# Sydney or Brisbane as a start point??



## ilmighel (Sep 22, 2013)

Hi there, I'm Emanuel from Italy and in one month I'll fly to Australia on a working holiday Visa!!

I still need to book the flight and I'm not sure wether to go to Sydney or Brisbane...

My aim is not to stay in cities but to find a job in agriculture or even better, by the ocean! the great barrier reef inspires me a lot but I'm also concernd about finding something related to biodynamic or organic farming and I was wondering if someone can tell me which is the best region for all of this, Queensland or NEw South Wales??

Thank you!
Emanuel


----------



## Johnny H (Sep 24, 2013)

Hey Emanuel,

I've just got back from a working holiday in Oz (going back for 2nd year in January) and had a great time. You'll have heaps of fun working and travelling around. 

I arrived into Sydney but kind of wish I went to Brisbane or Cairns instead as Sydney is so full of travellers looking for work. It's a beautiful city but like you I enjoy the countryside better and wanted to do some work on farms to get my second visa. 

If you want to live by the ocean and work on organic farms then have a look at places around Byron Bay in NSW. It's closer to Brisbane (about 2 hours I think) than Sydney so I'd fly to Brisbane to start with. Byron Bay itself is a cool little surfer town with heaps of artists and hippies and really laid back. In the hills around Byron there's heaps of farms that employ backpackers for fruit picking and things like that. 
When I first got to Sydney I bought a working package with Stayatbase Backpackers which had all my bank account, tax stuff included plus they found jobs for me for the whole year. It was pretty cheap and easier than doing it all myself. They also sorted out my second visa stuff for me. 

If you wanted to be near the Great Barrier Reef then you would have to go further north into Queensland.

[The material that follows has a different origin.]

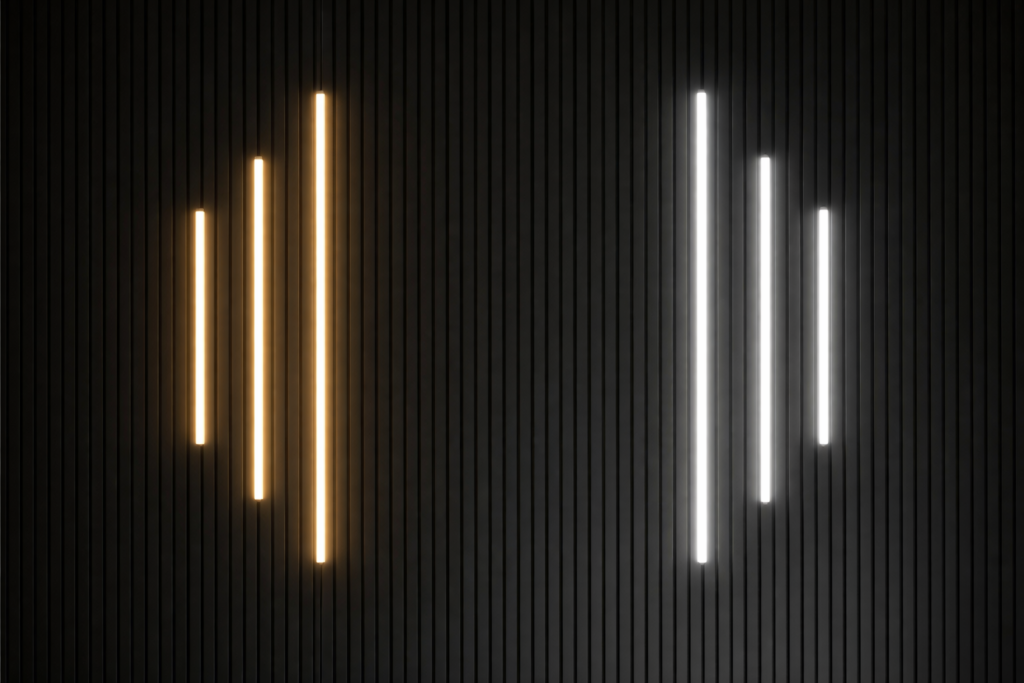 Wall Panel LED Strip Lighting Kit – Warm & White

Maybe somewhere like Airlie Beach or Bowen would be good as there's heaps of farms around there too plus the reef is less crowded that far south. 

Hope you have a good time. Maybe see you on the road when I get back I January!


----------



## megancpc (Aug 11, 2013)

Johnny's advice is right on the money, I'd like to +
You are ITALIAN!!! go to north Queensland in particular Ingham Queensland,Ayr (the Burdekin) Tully or Innisfail. There is a large population of Italian and Spanish families here (2nd or 3rd generation) that own the farms in this area. They would love you there. My family is from this area,and used to have a mango farm our second language we learn at school in this part of Aus is ITALIAN!! In one months time it is Mango Season in North Queensland, there is good money to be made here, so I would suggest going there first. As far as biodynamic or organic farming this is a difficult for farms to get this status, however many farms do strive for using as close to organic farming practices as possible. Any other questions, please don't hesitate to ask.


----------